Liechtenstein is preparing to privatise its only public broadcaster, Radio Liechtenstein, following a public vote to scrap its funding. As public broadcasting across Europe faces similar threats, Reporters Without Borders (RSF) calls on the Liechtenstein Parliament to outline a roadmap to ensure the station maintains its editorial independence, internal pluralism, and ability to produce news content.

On 4 December, the parliament of Liechtenstein — the German-speaking principality with a population of 38,000 — will start discussing the future of the country's only public media outlet, Radio Liechtenstein, in its final session before the parliamentary elections in February 2025. A public vote held on 27 October ended in a decision to repeal the law governing public service broadcasting. This referendum was initiated by the opposition party Democrats for Liechtenstein (DpL), which criticised the radio service’s growing costs paid for by state finances, as they believed these expenses were disproportionate to the radio’s programming quality and the low subsidies given to private media. Liechtenstein’s parliament, known as Landtag, will now choose how to implement the vote, setting the public service’s effective end date – scheduled for late 2025 but subject to change by law – as well as the potential privatisation process, which may be the only means for the station to survive.

Under the current media support law — which is also due to be reformed in a parliamentary vote in early December — Radio Liechtenstein is entitled to approximately 800,000 Swiss francs (858,000 euros) after privatisation, instead of the 4 million Swiss francs (4.3 million euros) it currently receives as a public entity. This drastic reduction in its budget, coupled with the short timeline for implementing the referendum result, threatens the station’s existence, even as it begins taking steps to improve efficiency.

“We respect the will of the Liechtenstein people as expressed in the referendum. However, its result threatens a vital pillar of democracy: the independence and pluralism of journalism. Radio Liechtenstein is facing the nightmare haunting European public broadcasting: dissolution or privatisation. We call on the Landtag to act responsibly: delay the privatisation until at least the end of 2026 to give the radio station time to prepare for the transition, and impose guarantees on its future investor so the station maintains its editorial independence, internal pluralism, and ability to produce news content.

Pavol Szalai
Head of RSF's EU-Balkans Desk

By respecting these conditions – which RSF advocated for in a meeting with the Ministry of Home Affairs, Economy and Environment, the body in charge of media policy, on 28 November – the Landtag’s measures would align with the provisions on public and private media outlined in the European Media Freedom Act (EMFA), a law Liechtenstein is about to apply nationally. While not a member of the European Union (EU), Liechtenstein is part of the European Economic Area — an economic alliance of countries integrated into the EU's internal market — which is subject to the EMFA.

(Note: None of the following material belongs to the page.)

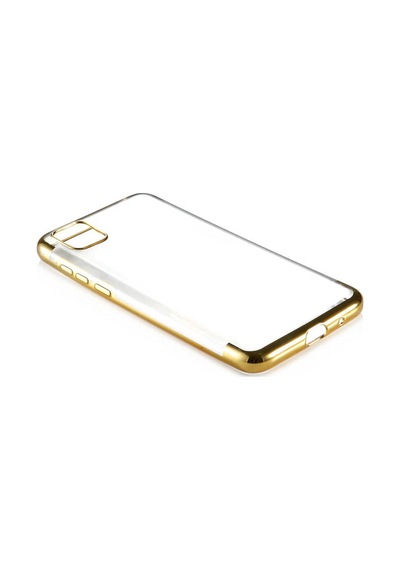 Huawei Y5P Kılıf Zore Dört Köşeli Lazer Silikon Kılıf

Liechtenstein's media pluralism had already been undermined when one of the country's two daily newspapers, Liechtensteiner Volksblatt, closed due to financial issues in March 2023. Now, the country’s citizens only have access to one national daily newspaper, Vaterland, and one national television channel, 1FLTV, a private company.

Across Europe, far-right parties such as the National Rally in France are advocating for the privatisation of public broadcasting, threatening citizens' access to reliable, independent, and pluralistic information.

Liechtenstein ranks 15th out of 180 countries and territories in RSF’s 2024 World Press Freedom Index.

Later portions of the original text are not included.